Eliminating Intermediate Data Structures via Inductive Synthesis


SuFu is a program optimizer specialized in reducing the time cost of operating intermediate data structures. It is effective enough to offer complex and algorithm-level optimizations, such as generating structural recursions and synthesizing divide-and-conquer algorithms.

The input of SuFu is a reference program with annotations that explicitly specify those intermediate data structures to be optimized and all code fragments operating these data structures. To generate a more efficient program, SuFu will search to replace annotated code fragments with constant-time expressions and, if necessary, will properly change the representations for annotated data structures.

SuFu has been evaluated on a dataset of 290 tasks, which covers a wide range of paradigms for program optimization, including fusing recursive functions, synthesizing structural recursions, and applying algorithmic paradigms. SuFu can solve 264 out of 290 tasks with an average time cost of 24.4 seconds, significantly outperforming previous approaches.

Online Demo

An online demo of SuFu is available here.

Example: Maximum Suffix Sum

The current version of SuFu requires the reference program to be written in a customized language built on the simply typed lambda calculus. Besides, SuFu also requires the reference program to come with some annotations that explicitly specify those intermediate data structures to be optimized.

To see the usage of SuFu, let us consider a function mts that returns the maximum suffix sum of a (possibly negative) integer list. For example, mts [1, -2, 3, -1, 2] is equal to 4, corresponding to the sum of suffix [3, -1, 2]. This function can be implemented by composing basic list-operating functions, as shown on the right.

This program, though clear, is inefficient due to the large intermediate data structure generated by tails, i.e., the list of suffixes. The operation maximum (map sum .) applied to this list takes quadratic time, which forms the bottleneck of the whole program. To improve the efficiency of this program, we need to speed up this operation on the bottleneck, which also requires optimizing the intermediate data structure returned by tails.

SuFu can automate the above optimization if in the reference program, the intermediate data structure to be optimized and the related operations are explictly annotated, as shown on the right.

After receiving this annotated program, SuFu applies techniques of program synthesis to rewrite all those annotated types and code fragments and then generates a more efficient program for mts, as shown on the right. In this program, instead of generating the whole list of all suffixes, the optimized version of tails returns only two integers - the maximum suffix sum and the sum of all elements, respectively. Consequently, the time cost of operating the result of tails is reduced to a constant and the time complexity of the whole program is reduced to linear.

SuFu considers both the correctness and the efficiency when rewriting annotated types and code fragments.

Besides, to reduce the user burden of providing annotations, SuFu includes a heuristic approach to generate annotations (option "autolabel" in the online demo). Once this approach is enabled, the user needs only to annotate the types of data structures to be optimized. Then SuFu will automatically supply those code-level annotations (label, unlabel, and rewrite) according to a heuristic rule that the size enclosed by rewrite should be as small as possible. The right side is a program with only type annotations, and SuFu can automatically convert it to the fully annotated program above.

Surface Language

The surface language of SuFu is basically the simply typed lambda calculus augmented with inductive data structures and annotations for optimization. Its syntax is shown below.

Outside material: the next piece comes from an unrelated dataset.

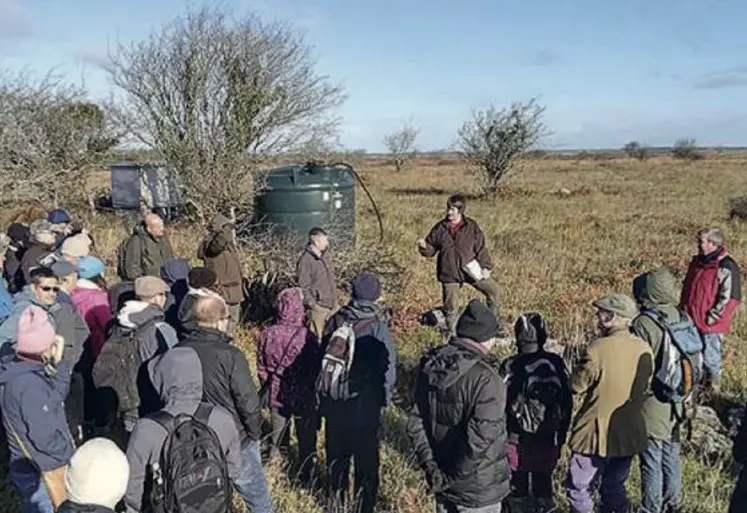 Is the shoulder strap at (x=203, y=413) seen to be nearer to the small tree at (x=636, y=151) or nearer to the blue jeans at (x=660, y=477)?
the blue jeans at (x=660, y=477)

The type system and the semantics of this language are almost standard. The following supplies some details related to the annotations.

Program Space

Following the SyGuS framework, SuFu synthesizes programs from pre-defined program spaces. As a result, it will fail when the program spaces are not expressive enough to implement necessary programs. SuFu uses two program spaces during the optimization, as shown below.

SuFu provides some interfaces for customizing these program spaces. The following are some examples.

Example 1: Rewrite using programs with non-scalar outputs.

SuFu provides an option to consider programs with nonscalar outputs in the rewrite (option "nonscalar" in the online demo). When this option is enabled, the rewrite space will include programs returning inductive data structures and thus will be more expressive.

The following is an example where programs with non-scalar outputs are necessary for the rewrite.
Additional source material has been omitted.